It is possible to visualize a comparison between the footprints of the (entire) log and the
footprints of the (entire) model.
First of all, let’s see how to visualize a single footprints table, for example the one of
the model. The following code can be used:
from pm4py.visualization.footprints import visualizer as fp_visualizer
gviz = fp_visualizer.apply(fp_net, parameters={fp_visualizer.Variants.SINGLE.value.Parameters.FORMAT: "svg"})
fp_visualizer.view(gviz)
To compare the two footprints tables, the following code can be used. Please note that the
visualization will look the same, if no deviations are discovered. If deviations are found
they are colored by red.
from pm4py.visualization.footprints import visualizer as fp_visualizer
gviz = fp_visualizer.apply(fp_log, fp_net, parameters={fp_visualizer.Variants.COMPARISON.value.Parameters.FORMAT: "svg"})
fp_visualizer.view(gviz)
To actually find some deviations, let’s repeat the procedure on the receipt.xes log,
applying a heavy filter on the log to discover a simpler model:
from pm4py.objects.log.importer.xes import importer as xes_importer
import os
from copy import deepcopy
from pm4py.algo.filtering.log.variants import variants_filter
log = xes_importer.apply(os.path.join("tests", "input_data", "receipt.xes"))

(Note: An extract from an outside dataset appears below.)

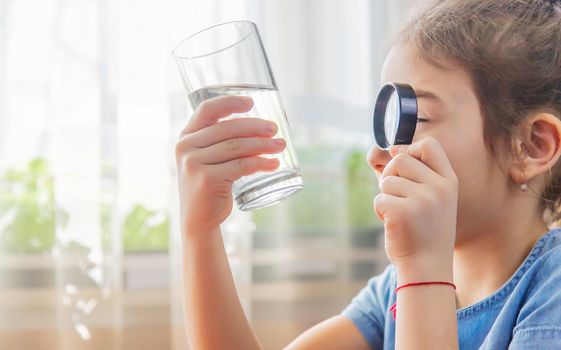 The child examines the water with a magnifying glass in a glass. Selective focus. Kid.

filtered_log = variants_filter.apply_auto_filter(deepcopy(log))
from pm4py.algo.discovery.inductive import algorithm as inductive_miner
net, im, fm = inductive_miner.apply(filtered_log)

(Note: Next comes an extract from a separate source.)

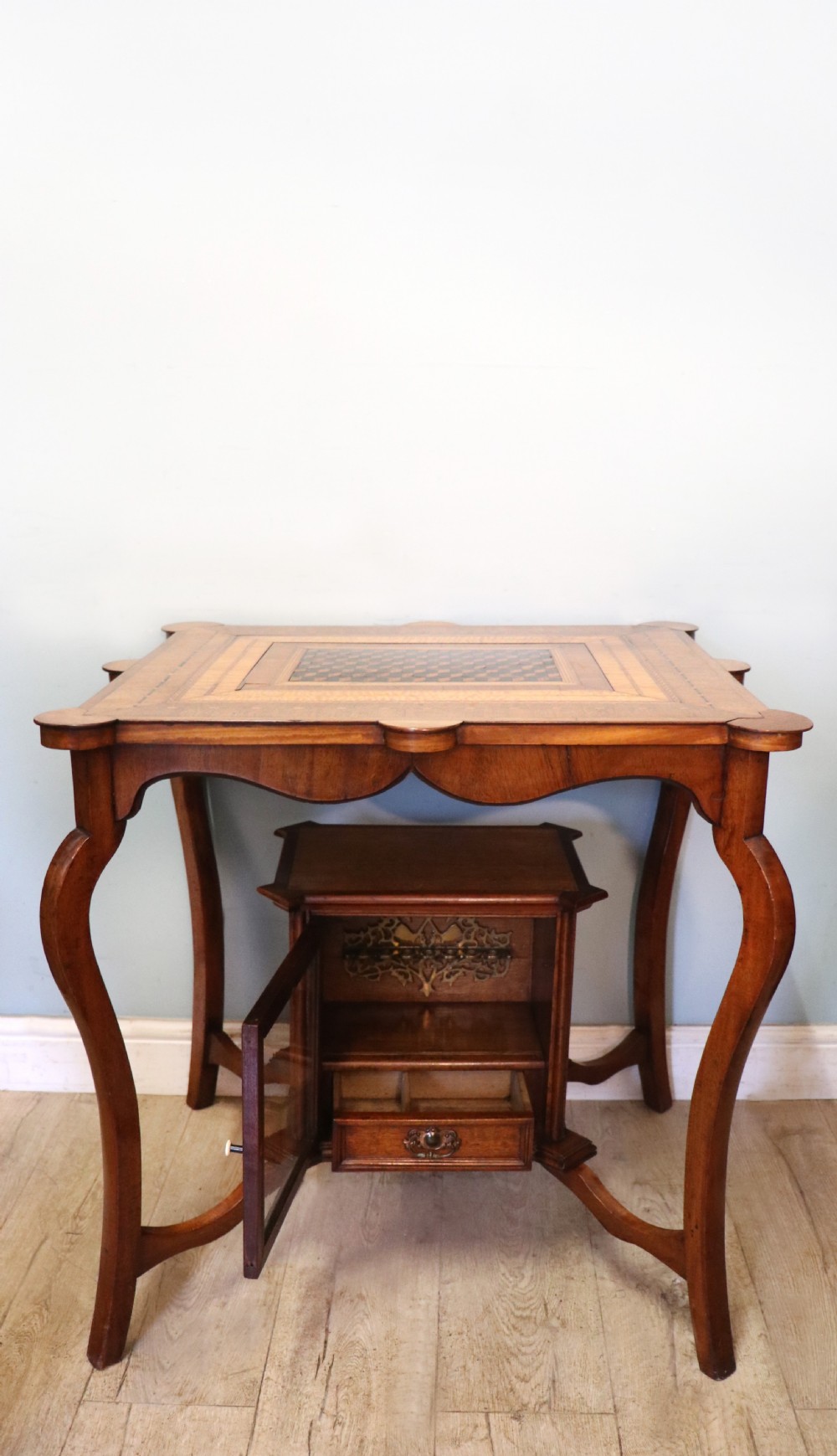 A late Victorian wooden occasional table featuring a geometric parquetry inlaid top, slender cabriole legs, and a lower glazed smokers cabinet. View III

With a conformance checking operation, we want instead to compare the behavior of the traces
of the log against the footprints of the model.
This can be done using the following code:
from pm4py.algo.conformance.footprints import algorithm as footprints_conformance
conf_fp = footprints_conformance.apply(fp_trace_by_trace, fp_net)

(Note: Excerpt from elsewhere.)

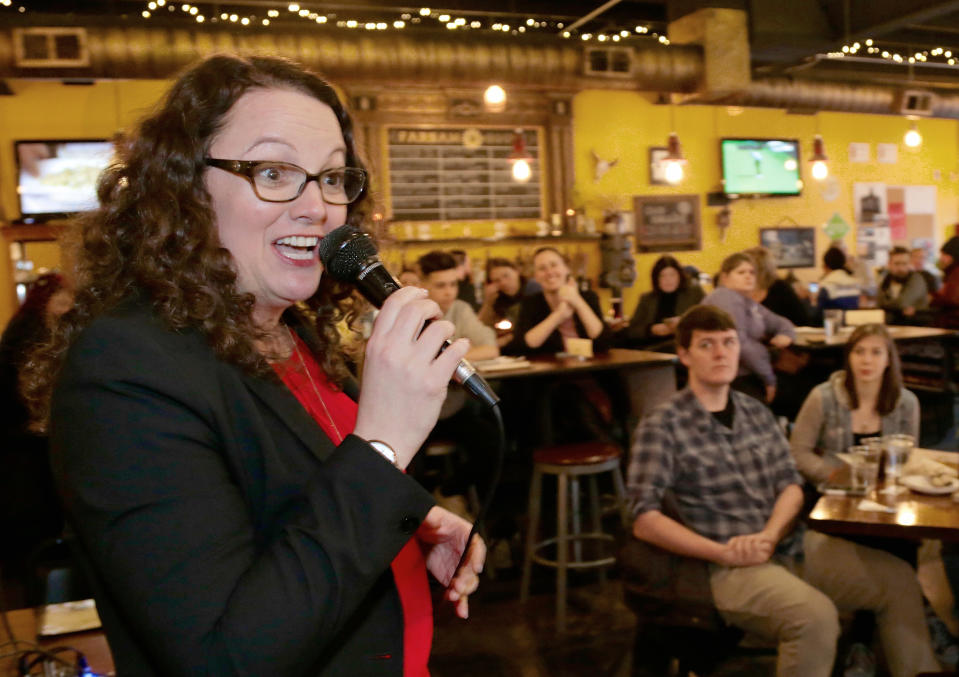 Kara Eastman, the Democrat challenging Bacon for his congressional seat, campaigns in Omaha, Neb. (AP Photo/Nati Harnik)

And will contain, for each trace of the log, a set with the deviations. Extract of the list for
some traces:
{(‘T06 Determine necessity of stop advice’, ‘T04 Determine confirmation of receipt’), (‘T02
Check confirmation of receipt’, ‘T06 Determine necessity of stop advice’)}
set()
{(‘T19 Determine report Y to stop indication’, ‘T20 Print report Y to stop indication’),
(‘T10 Determine necessity to stop indication’, ‘T16 Report reasons to hold request’), (‘T16
Report reasons to hold request’, ‘T17 Check report Y to stop indication’), (‘T17 Check
report Y to stop indication’, ‘T19 Determine report Y to stop indication’)}
set()
set()
{(‘T02 Check confirmation of receipt’, ‘T06 Determine necessity of stop advice’), (‘T10
Determine necessity to stop indication’, ‘T04 Determine confirmation of receipt’), (‘T04
Determine confirmation of receipt’, ‘T03 Adjust confirmation of receipt’), (‘T03 Adjust
confirmation of receipt’, ‘T02 Check confirmation of receipt’)}
set()
We can see that for the first trace that contains deviations, there are two deviations, the
first related to T06 Determine necessity of stop advice being executed before T04 Determine
confirmation of receipt; the second related to T02 Check confirmation of receipt being followed
by T06 Determine necessity of stop advice.
The traces for which the conformance returns nothing are fit (at least according to the
footprints).
Footprints conformance checking is a way to identify obvious deviations, behavior of the log
that is not allowed by the model.
On the log side, their scalability is wonderful! The calculation of footprints for a Petri net
model may be instead more expensive.
If we change the underlying model, from Petri nets to process tree, it is possible to exploit
its bottomup structure in order to calculate the footprints almost instantaneously.
Let’s open a log, calculate a process tree and then apply the discovery of the footprints.
We open the running-example log:
from pm4py.objects.log.importer.xes import importer as xes_importer
log = xes_importer.apply("tests/input_data/running-example.xes")
And apply the inductive miner to discover a process tree:
from pm4py.algo.discovery.inductive import algorithm as inductive_miner
tree = inductive_miner.apply_tree(log)
Then, the footprints can be discovered. We discover the footprints on the entire log, we
discover the footprints trace-by-trace in the log, and then we discover the footprints on
the process tree:
from pm4py.algo.discovery.footprints import algorithm as fp_discovery
fp_log = fp_discovery.apply(log, variant=fp_discovery.Variants.ENTIRE_EVENT_LOG)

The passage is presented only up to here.